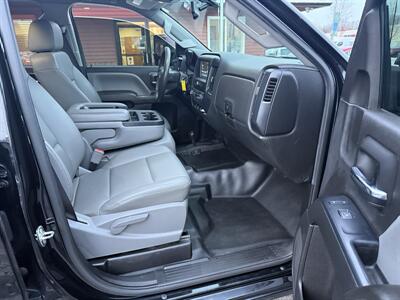 2017 Chevrolet Silverado 3500 WT Crew Cab DRW  4WD Duramax - Photo 29 - Flushing, MI 48433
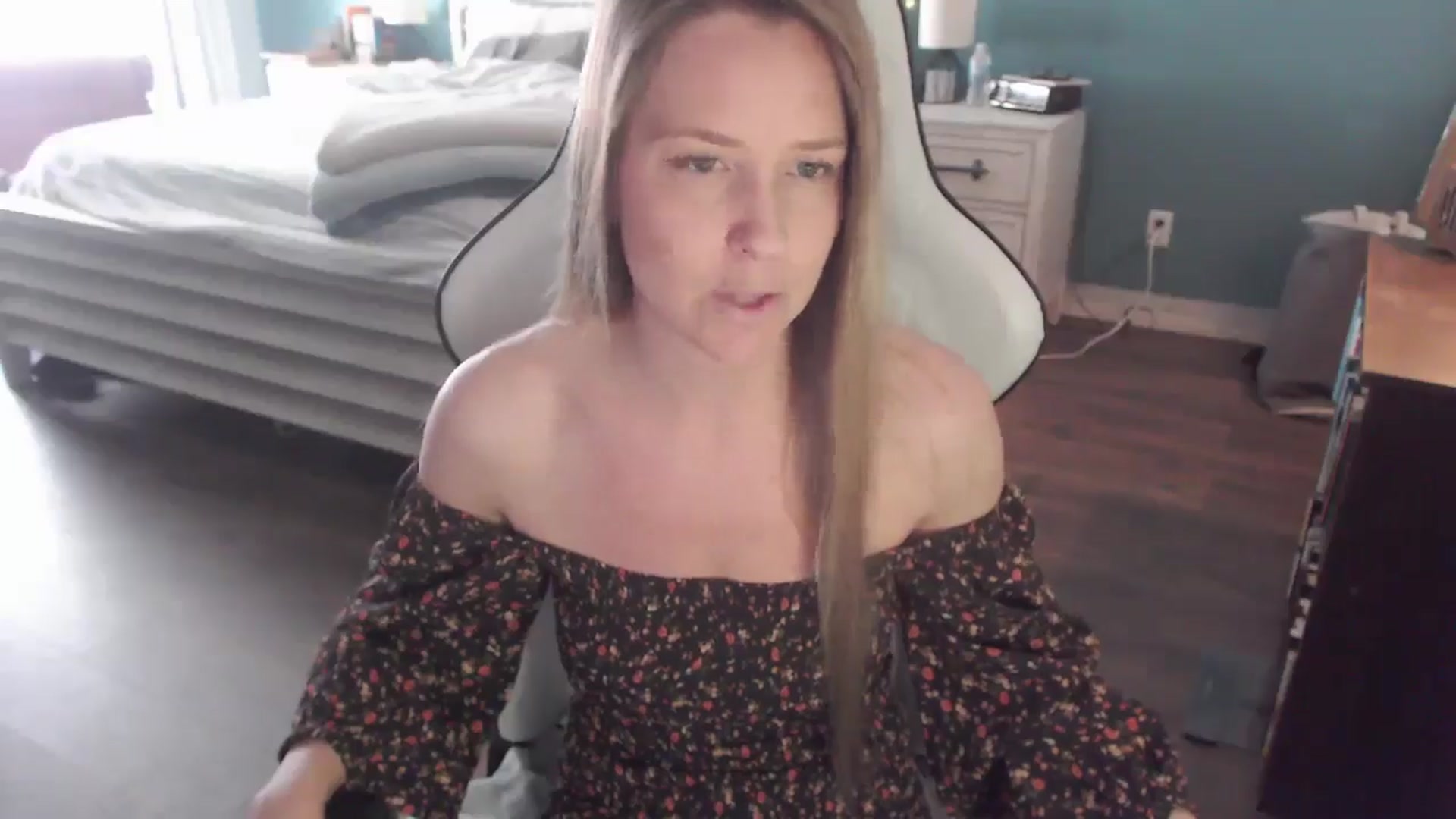 Gallery image thumbnail from ZenZoey's myfreecams stream on, 02/03/2026, 16:55 image 2 of 20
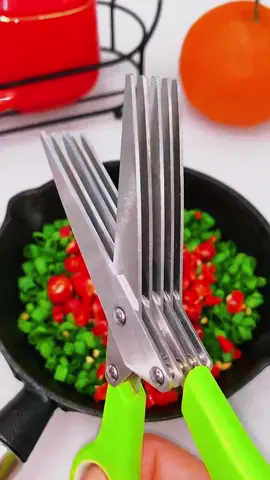 #goodthing #dailyvlog #typ #kitchen #tiktok Gunting bawang cili kelopak lima lapis tahan karat pelbagai fungsi, pisau potong bawang, daun bawang, daun ketumbar dan sayuran kecil, juga boleh digunakan untuk mencucuk kertas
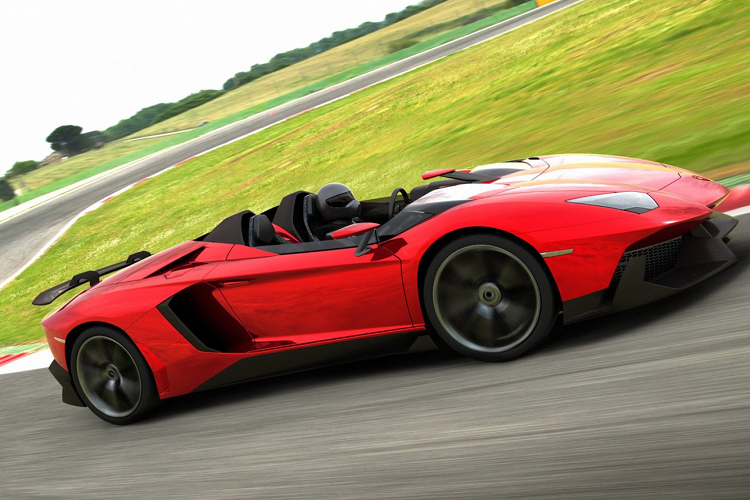 Giống vơi Concept S, Aventador J cũng là một chiếc barchetta dưới dạng concept và chỉ được sản xuất đúng 1 chiếc. Chiếc xe concept này sau đó đã được bán cho một khách hàng tại Tây Ban Nha với giá bán không được tiết lộ. Trên phiên bản này, Lamborghini đã lần đầu ra mắt thiết kế khí động học mới, sau này được hãng ứng dụng lên Aventador SV. Cùng với đó, vật liệu carbon dạng đúc (Forged Composite) cũng lần đầu ra mắt khách hàng.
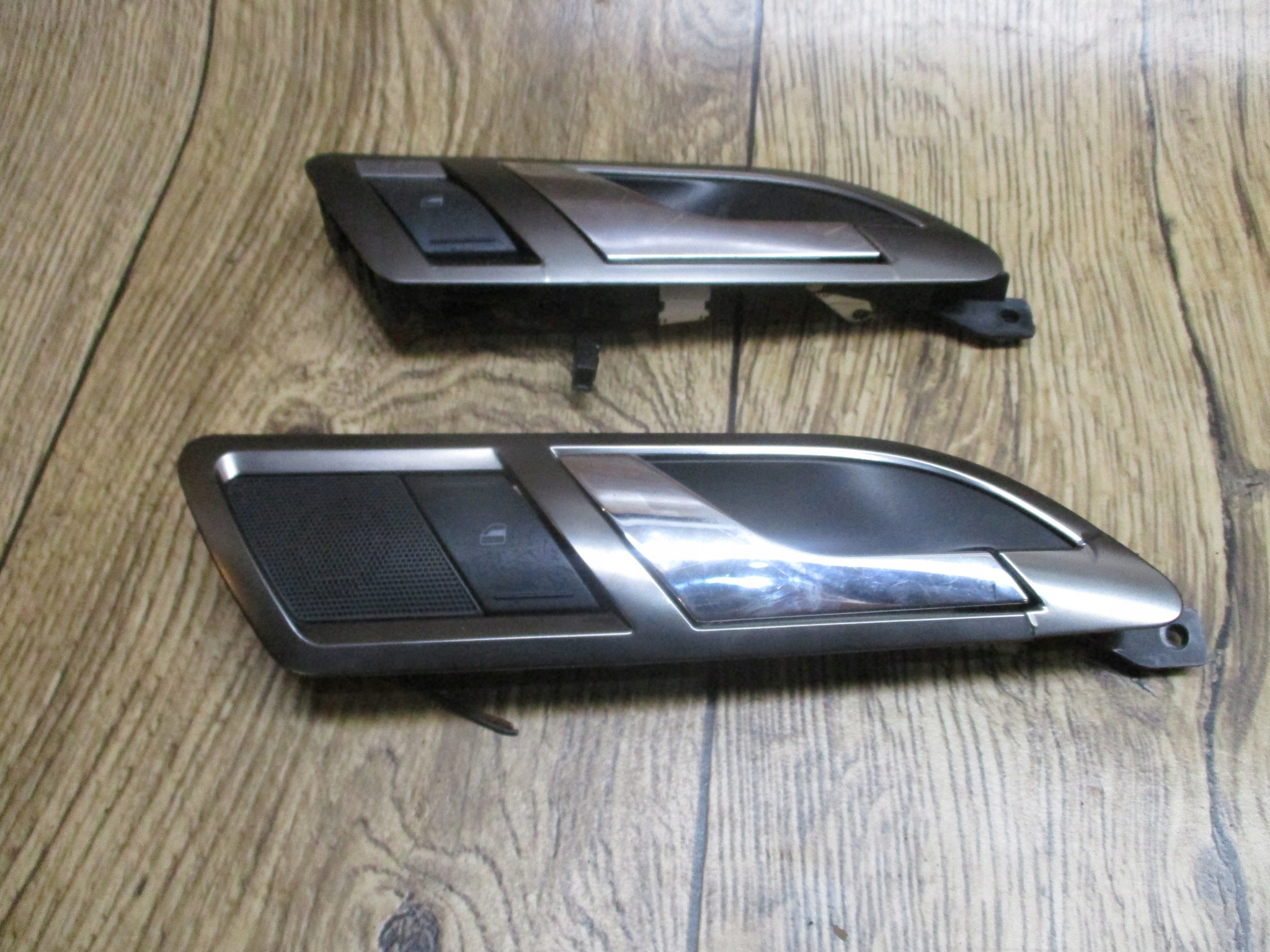 ВНУТРЕННЯЯ РУЧКА ПРАВОЙ ПЕРЕДНЕЙ ДВЕРИ SKODA SUPERB И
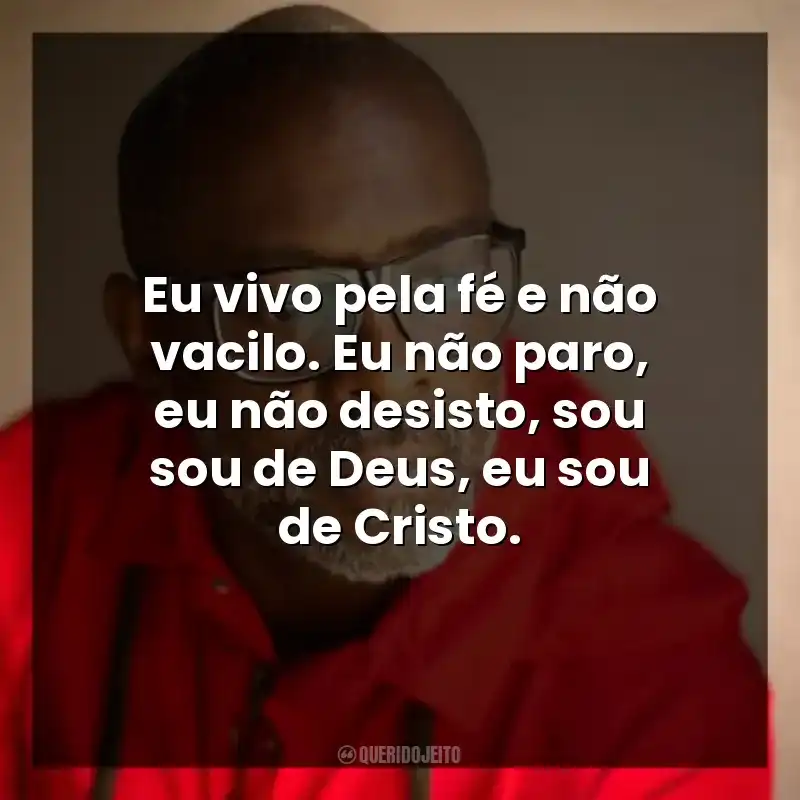 Eu vivo pela fé e não vacilo. Eu não paro, eu não desisto, sou sou de Deus, eu sou de Cristo.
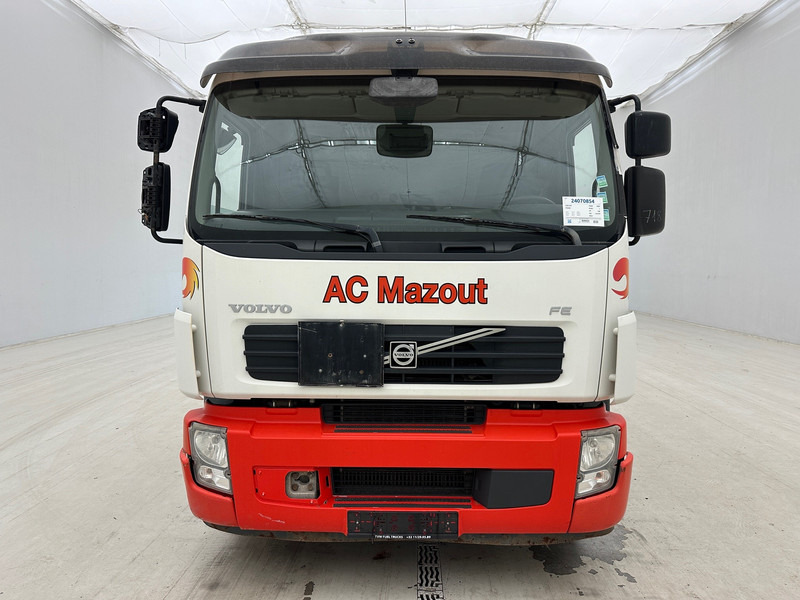 Volvo FE 280 - Camion citerne: photos 2 Volvo FE 280 - Camion citerne: photos 2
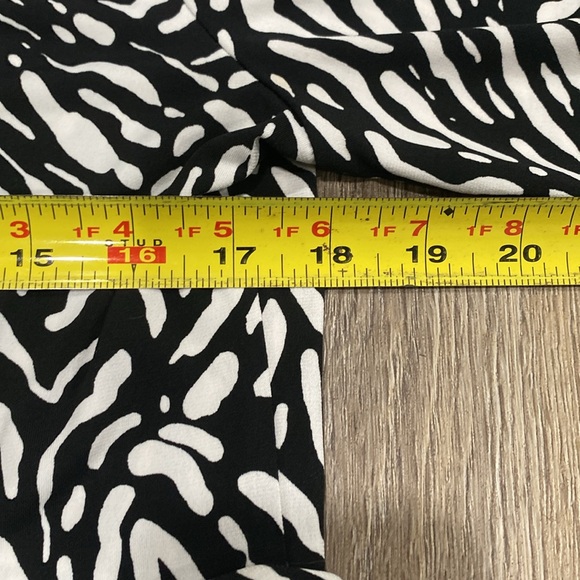 ▪️MERONA Black & White Geometric Animal Print 3/4 Sleeve Dress with Belt MEDIUM - Picture 7 of 13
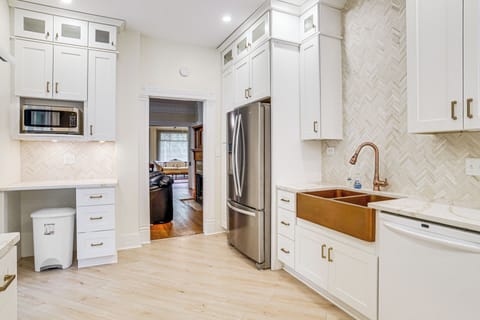 House (5 Bedrooms) | Interior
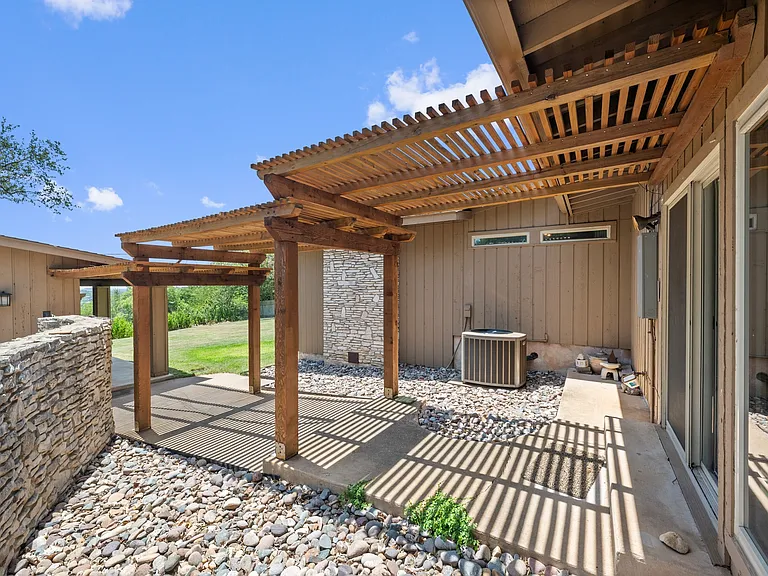 6501 Mesa Dr — Photo 32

* [ACTIVITY]: Copy exactly the lines from the line containing "Volvo FE 280 - Camion citerne: photos 2 Volvo" through the last line of the records above, both included, and leave out any pictures.

* [SOLUTION TO THE EXERCISE]:
 Volvo FE 280 - Camion citerne: photos 2 Volvo FE 280 - Camion citerne: photos 2
 ▪️MERONA Black & White Geometric Animal Print 3/4 Sleeve Dress with Belt MEDIUM - Picture 7 of 13
 House (5 Bedrooms) | Interior
 6501 Mesa Dr — Photo 32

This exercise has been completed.